NVIDIA Grove is an open-source Kubernetes API that defines the structure and lifecycle of single- and multi-node AI inference workloads, such as those deployed with NVIDIA Dynamo , while enabling them to scale efficiently in Kubernetes-based environments. Purpose-built for orchestrating large-scale AI workloads with complex requirements in GPU clusters, Grove lets developers describe multi-component workloads—including specific roles, dependencies, multi-level-scaling rules, and startup order—within a single custom resource. Grove is a modular component of NVIDIA Dynamo, but it can also be deployed as a standalone solution or integrated into other high-performance inference frameworks.

How NVIDIA Grove Works

High-performance inference frameworks use Grove's hierarchical APIs to express role-specific logic and multi-level scaling, enabling consistent, optimized deployment across diverse cluster environments. Grove achieves this by orchestrating multi-component AI workloads using three hierarchical custom resources in its workload API.

PodCliques represent groups of Kubernetes pods with specific roles, such as prefill worker, decode leader, or frontend service, each with independent configuration and scaling logic.

PodCliqueScalingGroups bundle tightly coupled PodCliques that must scale together, like the prefill leader and prefill workers that need coordinated scaling behavior.

PodCliqueSets define the entire multi-component workload, specifying startup order, scaling policies, and gang-scheduling constraints that ensure all components start together or fail together. When scaling for additional capacity, Grove creates complete replicas of the entire PodGangSet and defines spread constraints that distribute these replicas across the cluster for high availability, while keeping each replica's components network-packed for optimal performance.

A Grove-enabled Kubernetes cluster requires the Grove operator and a scheduler that understands PodGang resources, such as KAI scheduler.

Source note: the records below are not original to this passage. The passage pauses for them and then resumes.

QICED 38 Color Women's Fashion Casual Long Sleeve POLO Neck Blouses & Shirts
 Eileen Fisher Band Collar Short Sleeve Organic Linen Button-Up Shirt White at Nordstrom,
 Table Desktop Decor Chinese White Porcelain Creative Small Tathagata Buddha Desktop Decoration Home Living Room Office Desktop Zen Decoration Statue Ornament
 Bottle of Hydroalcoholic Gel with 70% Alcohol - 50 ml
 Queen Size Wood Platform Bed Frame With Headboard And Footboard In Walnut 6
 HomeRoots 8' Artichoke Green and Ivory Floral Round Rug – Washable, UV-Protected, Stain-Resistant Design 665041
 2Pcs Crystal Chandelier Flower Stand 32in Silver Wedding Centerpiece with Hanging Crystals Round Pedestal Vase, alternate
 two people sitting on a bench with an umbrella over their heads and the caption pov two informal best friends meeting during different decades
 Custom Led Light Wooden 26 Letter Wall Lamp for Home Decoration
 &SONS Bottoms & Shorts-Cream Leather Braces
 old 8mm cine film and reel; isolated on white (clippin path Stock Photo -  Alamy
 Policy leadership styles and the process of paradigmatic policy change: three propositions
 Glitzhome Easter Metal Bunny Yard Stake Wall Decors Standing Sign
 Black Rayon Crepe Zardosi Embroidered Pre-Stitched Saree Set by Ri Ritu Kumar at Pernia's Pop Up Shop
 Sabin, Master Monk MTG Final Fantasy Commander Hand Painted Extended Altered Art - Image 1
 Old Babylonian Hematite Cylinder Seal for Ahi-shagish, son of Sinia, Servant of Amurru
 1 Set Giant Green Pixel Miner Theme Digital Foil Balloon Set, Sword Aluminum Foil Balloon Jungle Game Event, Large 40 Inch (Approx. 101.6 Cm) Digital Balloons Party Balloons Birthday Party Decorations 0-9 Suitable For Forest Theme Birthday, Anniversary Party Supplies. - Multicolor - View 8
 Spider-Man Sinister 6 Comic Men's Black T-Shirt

When a PodCliqueSet resource is created, Grove's operator validates the specification and automatically generates the necessary Kubernetes resources, including the constituent PodCliques, PodCliqueScalingGroups, and associated services, secrets, and autoscaling policies. The Grove operator then creates PodGang resources that translate workload requirements into scheduling constraints for the scheduler. Each PodGang contains PodGroups with minimum replica guarantees, network topology packing requirements for performance, and spread constraints for availability, achieving topology-aware placement and efficient resource utilization across the cluster.



The scheduler watches for these PodGang resources and applies gang-scheduling logic, ensuring all required components are scheduled together or not at all, while optimizing placement based on GPU cluster topology. This process results in coordinated deployment of multi-component AI stacks where prefill services, decode workers, and routing components start in the correct order with optimal network placement, preventing resource deadlocks and partial deployments that waste resources in the cluster.